Somewhere in Placerita Canyon there's a bird called a Phainopepla--there are probably several of them, actually. The males are glossy black, sport a shaggy crest like a cardinal, and look at you with blood-red eyes. While their appearance is unfamiliar and striking, their habits are warm and endearing: you usually find them hanging out near clumps of mistletoe. Indeed, mistletoe berries are a mainstay of their wintertime diet, so you should always be ready to kiss whomever it is you take Phainopepla watching with you. There are well over 100 other species of birds that, like Phainopeplas, call the SCV home for the winter.
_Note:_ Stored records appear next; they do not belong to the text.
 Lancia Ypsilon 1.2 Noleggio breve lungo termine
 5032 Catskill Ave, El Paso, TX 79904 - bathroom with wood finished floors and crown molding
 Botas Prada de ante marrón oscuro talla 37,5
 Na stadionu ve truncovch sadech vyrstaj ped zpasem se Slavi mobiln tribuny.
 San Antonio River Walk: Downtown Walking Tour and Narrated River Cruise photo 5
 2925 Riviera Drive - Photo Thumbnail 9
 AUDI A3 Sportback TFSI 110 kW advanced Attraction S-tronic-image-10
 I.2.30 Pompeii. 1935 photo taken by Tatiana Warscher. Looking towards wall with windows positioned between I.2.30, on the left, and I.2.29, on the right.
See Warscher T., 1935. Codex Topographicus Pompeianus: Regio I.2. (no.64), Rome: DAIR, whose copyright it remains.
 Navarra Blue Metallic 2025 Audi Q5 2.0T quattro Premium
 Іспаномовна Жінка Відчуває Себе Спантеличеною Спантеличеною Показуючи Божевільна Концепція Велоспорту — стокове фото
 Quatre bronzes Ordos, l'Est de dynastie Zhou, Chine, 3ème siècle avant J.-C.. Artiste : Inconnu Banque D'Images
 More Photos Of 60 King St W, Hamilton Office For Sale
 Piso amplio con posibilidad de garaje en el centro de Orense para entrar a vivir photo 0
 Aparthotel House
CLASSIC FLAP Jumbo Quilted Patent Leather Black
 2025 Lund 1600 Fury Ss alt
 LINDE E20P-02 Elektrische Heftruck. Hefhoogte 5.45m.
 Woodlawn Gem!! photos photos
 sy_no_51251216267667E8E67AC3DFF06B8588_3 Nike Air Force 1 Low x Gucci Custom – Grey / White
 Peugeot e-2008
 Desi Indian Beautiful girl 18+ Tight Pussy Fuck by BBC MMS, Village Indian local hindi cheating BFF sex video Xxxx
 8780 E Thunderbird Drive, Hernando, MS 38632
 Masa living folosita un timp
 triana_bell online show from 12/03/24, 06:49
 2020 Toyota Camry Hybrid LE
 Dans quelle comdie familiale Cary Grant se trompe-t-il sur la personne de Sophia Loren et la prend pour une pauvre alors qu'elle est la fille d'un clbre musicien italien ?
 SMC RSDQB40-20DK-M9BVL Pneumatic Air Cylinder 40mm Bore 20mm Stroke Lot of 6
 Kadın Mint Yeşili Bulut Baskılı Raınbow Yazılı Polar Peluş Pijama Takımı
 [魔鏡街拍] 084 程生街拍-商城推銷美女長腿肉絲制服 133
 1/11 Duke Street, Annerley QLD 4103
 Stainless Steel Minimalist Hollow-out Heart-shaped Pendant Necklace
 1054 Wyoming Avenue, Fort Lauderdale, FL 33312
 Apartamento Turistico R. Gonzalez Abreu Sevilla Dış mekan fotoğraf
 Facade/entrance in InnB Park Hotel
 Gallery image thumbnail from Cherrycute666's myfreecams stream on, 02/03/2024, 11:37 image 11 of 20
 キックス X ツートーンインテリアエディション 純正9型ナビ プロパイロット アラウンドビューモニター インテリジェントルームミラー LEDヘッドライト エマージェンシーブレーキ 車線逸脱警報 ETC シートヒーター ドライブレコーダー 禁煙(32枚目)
From Golden Eagles to Blue-gray Gnatcatchers and Cassin's Kingbirds to Ruby-crowned Kinglets, we have so much to see this time of year.
This, then, is my annual exhortation to join in the Santa Clarita Christmas Bird Count. It's being held on Monday, December 23rd. The official reason you do the count is to continue the 114 year tradition of counting and identifying wintering birds. The National Audubon Society compiles count data from well over 1,000 count circles across the nation, giving us an idea of how the birds are doing--an annual report card, if you will, that helps prioritize conservation efforts and identify population trends through the decades. But the real reason you do it is because you're a birder and like this sort of thing or because you're curious. If the thought of nature entices rather than repulses, and if you can count without using your fingers and toes, and if you like doing things that are weird but not too weird, then you should really give it a go. Based on past years, here's the schedule you can expect:
400am: The crazies will look for owls and poorwills--birds of the night. (Does anyone have a good owl spot to recommend?)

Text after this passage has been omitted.